Nearly a dozen states don’t have access to non-profit memorial society
There are non-profit memorial societies serving every state except for a small handful — Alabama, Alaska, Hawaii, Iowa, Mississippi, Montana, Nebraska, North Dakota, Oregon, West Virginia and Wyoming.
Many homes have gone through roll-ups and been bought out by huge national chains. But the homes will still retain the old family-operated names. Unfortunately, economies of scale do not apply here. In fact, national chains come in and raise the rates astronomically.
What can you do if you haven’t done any planning and you’re in sudden need of a funeral home? You’ve got to try to do some comparison shopping (as hard as that may be at the time) and find a locally owned and operated funeral home.
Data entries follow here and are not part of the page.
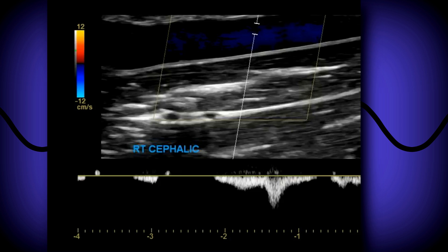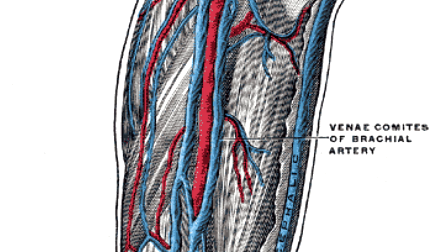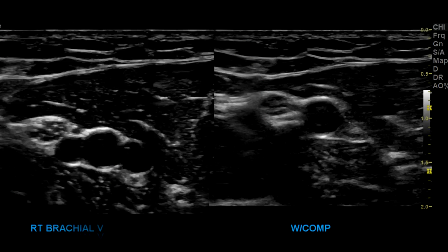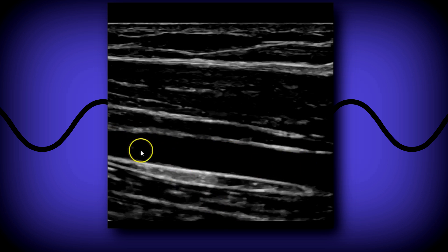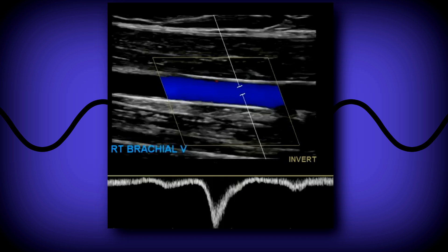Next we do the brachial veins. On this image you can see the cephalic, the brachial artery, and the two brachial veins running in parallel with it. In the transverse image with and without compression, the bigger vessel is the brachial artery and the two smaller ones are the veins; with compression the veins collapse and the artery stays open. Veins are very easily collapsible unless there's thrombus. In the sagittal view, for the protocol you can use just one vein as the identifier if there's no disease. Then sagittal grayscale, color, and a spectral waveform with augmentation.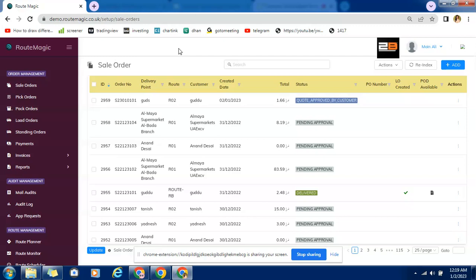Customer can select the product, customer can select the quantity and then can save it by adding it into your cart and that same option or same order will reflect in sale order window and then you can process further and get it delivered to customer. So this is all about sale order in Route Magic software, thank you.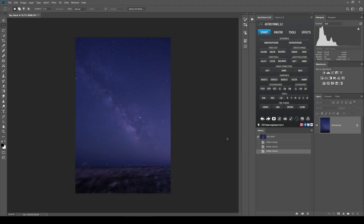Hi guys, this is Emilio here. In this video I'm going to show you how to post-produce a Milky Way using AstroPanel 3.2.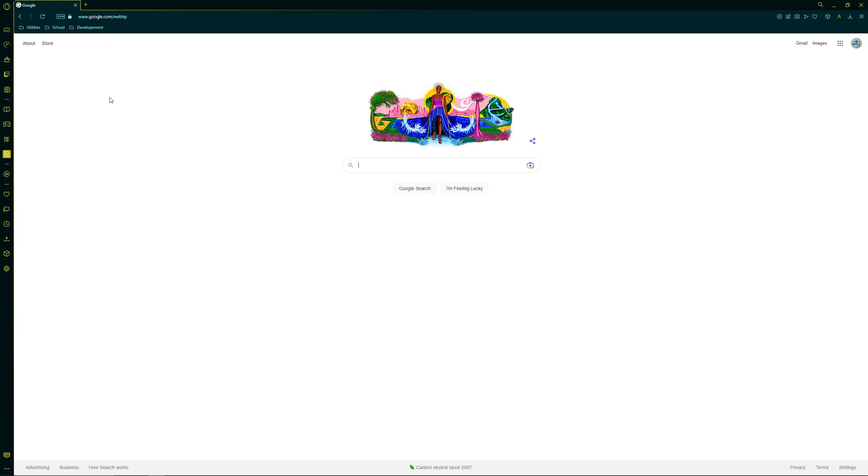Hey guys, today we're going to be going over how to use the new Opera mods that they added. So first you'll go over to this little sidebar where it has mods. If you don't see it there, you can enable it in your settings.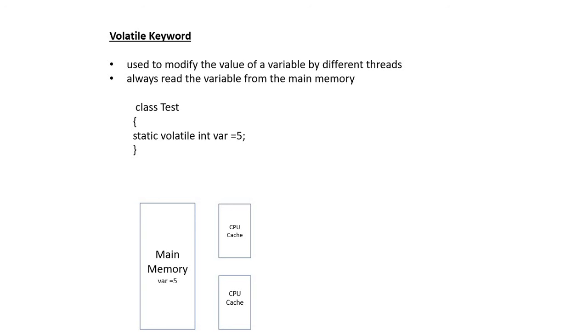But at a variable level, volatile never blocks it. It keeps it as one copy and allows other threads to come and change at the main memory level. That's the difference between synchronized and volatile. Hope you all can understand.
That should run you about half to two-thirds off the cost of the giant monster mega-chains. Remember, you can’t tell from the name outside, so you must ask.
New online funeral shopping site launches
Shopping for a funeral online could become commonplace if two entrepreneurs have their way.
Cleveland residents Mike Belsito and Bryan Chaikin have launched an online funeral planning service called eFuneral.com. This free service is just kicking off in the Midwest, but hopefully will takes flight across the country.
What Mike and Bryan offer are price quotes on both burials and cremations that reflect significant discounts along with consumer reviews of funeral homes. In essence, their site is able to put funeral homes in competition with each other, and a fee is charged to the funeral homes for every client generated by the service.
eFuneral has been called the “Angie’s list of funeral homes” in The Plain Dealer because the idea is not just that you’re buying price, you’re also buying reviews and quality from the winning bidder knowing they will handle both you and your loved one in a respectful manner.
I know that it may seem unsavory to talk about expense at the time of the loss of a loved one. But it’s the reality that the price difference from one funeral home to another can make all the difference in the world about what kind of ongoing financial burden the survivors have.
I have long talked about Funerals.org as a way to use collective buying power to get reduced rates on funeral expenses via a local non-profit memorial society. But the idea for eFuneral.com came when Mike was tasked by his family with making sudden funeral arrangements for a cousin. He was stunned with how having to get it done at the last minute wound up being so expensive.
The story of Mike and Brian is a perfect example of people who saw a market opportunity and came up with a solution. I hope this service helps people and makes them money.